Latest specifications, just issued, list the Nomad’s weight at a modest 670kg, despite the bigger wheels and tyres, extra rollover protection, bulkier long-travel suspension and chassis modifications needed for it to cope with off-road use.
The result is a car with an on-road 0-60mph sprint time of just 3.4sec and a 125mph top speed, which should make it capable of beating fully fledged rally cars both on the special off-road courses where they are developed and in actual motorsport events.
Ariel boss Simon Saunders thinks most Nomads will be bought for recreational driving both on and off road, but the car has the credentials to achieves success in rally competition.
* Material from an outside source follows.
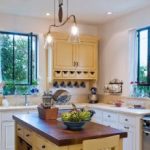 Как красиво оформить кухню с двумя окнами в частном доме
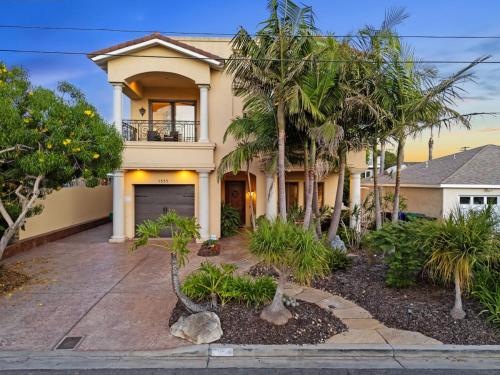 Tuscan Sands by Coastline Vacation Rentals in Morena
Saunders believes a well set up Nomad could eventually compete “with honour” in the Dakar Rally, not necessarily winning but at least reaching the finish in good shape.
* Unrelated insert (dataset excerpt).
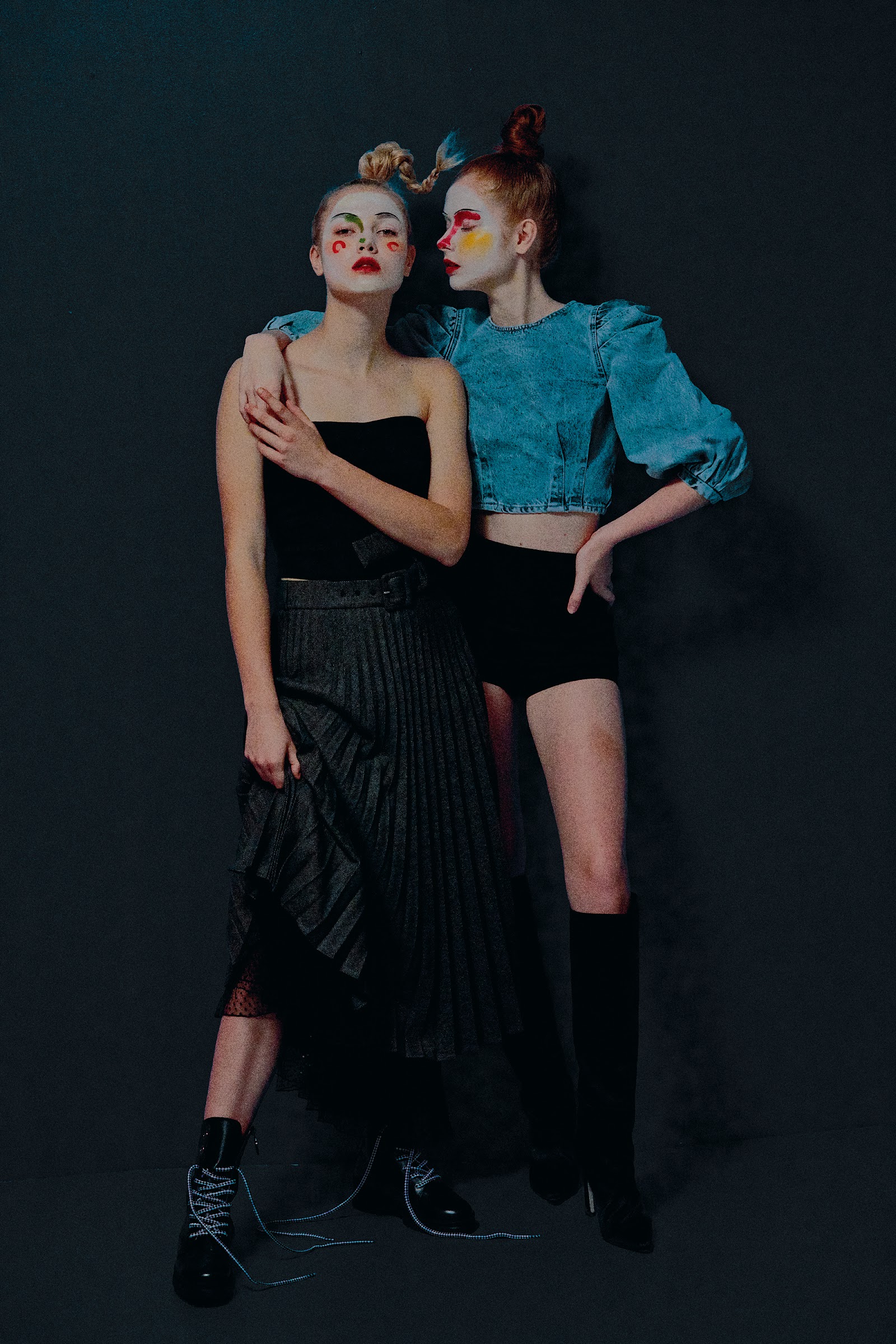 PARASITE — Look 13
Ariel has toyed with the idea of a Nomad-style vehicle since the early days of the Atom, but the job of continuing the development of the Atom, coupled with the launch of the highly successful Ace motorcycle, kept intruding.
However, the Nomad project made progress in recent times when taken on by the Ariel founder’s son, Henry Siebert-Saunders, whose interest in off-roading encouraged him to complete the prototype and lead its development on terrain normally reserved for conventional, slow and heavy 4x4s.
“We’ve tested the Nomad on a variety of race circuits and proving grounds, as well as on various private tracks including well known WRC stages, winch challenge courses and closed forest roads,” said Siebert-Saunders.
“The idea was to subject our two-wheel-drive car to tests worthy of a conventional 4x4, because we reckoned its compactness, torque and light weight would compensate for its lack of four-wheel drive. So far we’ve been right and the Nomad has lapped it up, to the extent that the whole thing adds up to a whole new kind of driving fun.”
The close resemblance of the Nomad’s essential structure to that of the Atom’s original bronze-welded chassis is obvious, but the Nomad also has an enveloping rollover structure that conveniently provides A-pillars for an optional windscreen.
The instrument pod, gearlever for the six-speed manual transmission and the pedal box are all recognisable, while the completely different suspension layout ditches the Atom’s inboard set-up to provide the much longer travel and carry the much fatter and taller wheels and tyres needed by a car with the Nomad’s priorities.